Difference between revisions of "STG in Javascript"

Latest revision as of 22:00, 15 December 2008

Note (Aug 27, 2007): This page was started about a year ago. Over time, the focus was changed to integration with Yhc Core, and the work in progress may be observed here: Yhc/Javascript.

Disclaimer: Here are my working notes related to an experiment to execute Haskell programs in a web browser. You may find them bizzarre, and even non-sensual. Don't hesitate to discuss them (please use the Talk:STG in Javascript page). Chances are, at some point a working implementation will be produced.

The Javascript Shell is of great help for this experiment.

Aug 22, 2006

Several people expressed interest in the matter, e. g.: [1], [2].

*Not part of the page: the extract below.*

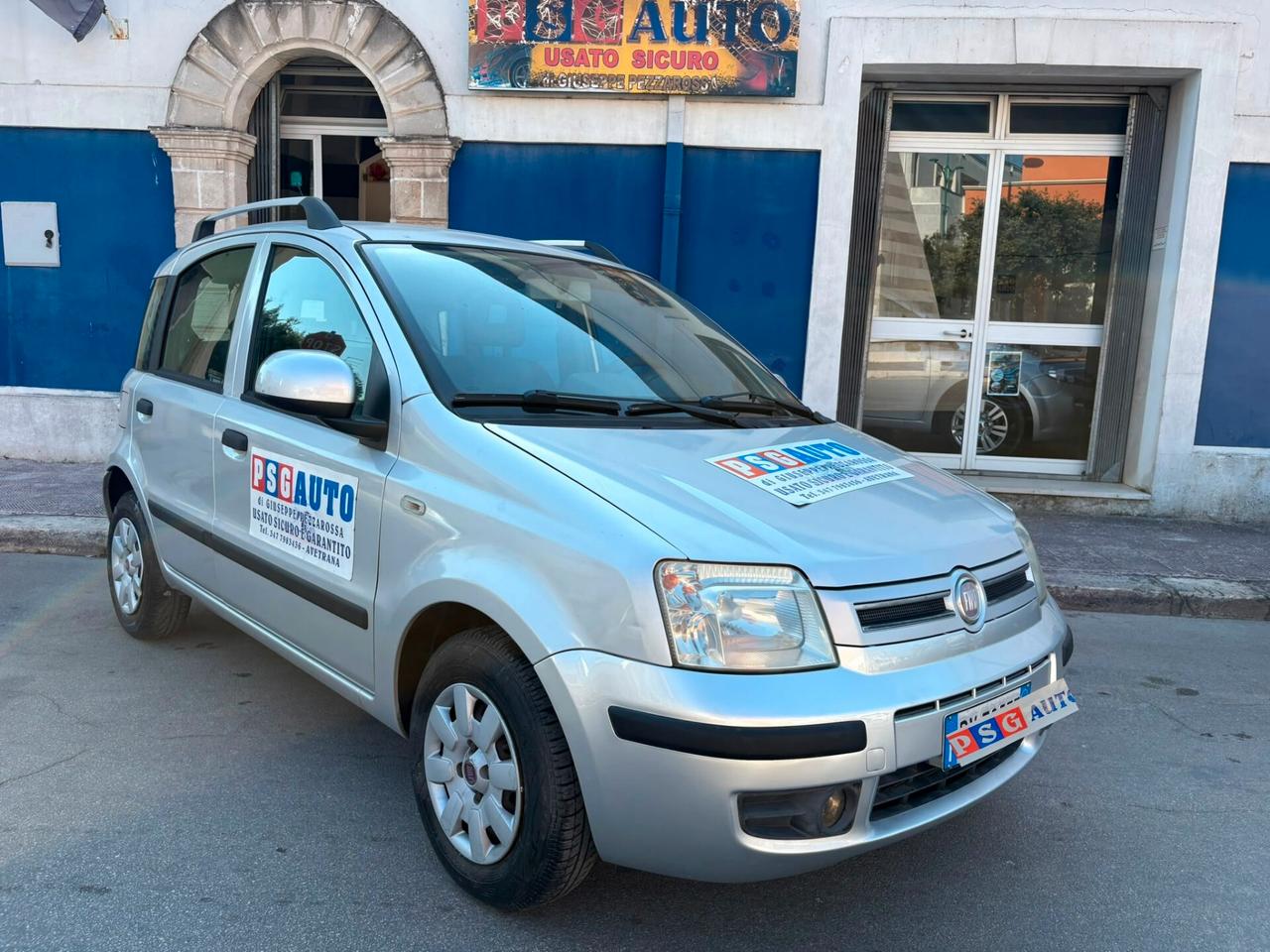 FIAT PANDA 1.2 BENZ 44KW MOTORE FIRE CLIMA SERVOST PERFETTA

A Wiki page Hajax has been recently created, which summarizes the achievements in the related fields. By these experiments, I am trying to address the problem of Javascript generation out of a Haskell source.

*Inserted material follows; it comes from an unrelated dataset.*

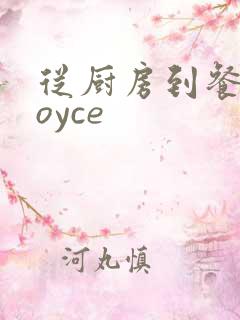 从厨房到餐桌joyce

To achieve this, an existing Haskell compiler, namely nhc98, is being patched to add a Javascript generation facility out of a STG tree: the original compiler generates bytecodes from the same source.

After (unsuccessful) trying several approaches (e. g. Javascript closures (see [3]), it has been decided to implement a STG machine (as described in [4]) in Javascript.

The abovereferenced paper describes how to implemement a STG machine in assembly language (or C). Javascript implementation uses the same ideas, but takes advantage of automatic memory management provided by the Javascript runtime, and also built-in handling of values more complex than just numbers and arrays of bytes.

To describe a thunk, a Javascript object of the following structure may be used:

thunk = {
  _c:function(){ ... },                 // code to evaluate a thunk
  _1:...,                               // argument 1
  _2:...,
  _N:...                                // argument n
};

So, similarly to what is described in the STG paper, the c method is used to evaluate a thunk. This method may also do self-update of the thunk, replacing itself (i. e. this.c) with something else, returning a result as it becomes known (i. e. in the very end of thunk evaluation).

Some interesting things may be done by manipulating prototypes of Javascript built-in classes.

Consider this (Javascript shell log pasted below):


Number.prototype.c=function(){return this};
function(){return this}
(1).c()
1
(2).c()
2
(-999).c()
-999
1
1
2
2
999
999

Thus, simple numeric values are given thunk behavior: by calling the c method on them, their value is returned as if a thunk were evaluated, and in the same time they may be used in a regular way, when passed to Javascript functions outside Haskell runtime (e. g. DOM manipulation functions).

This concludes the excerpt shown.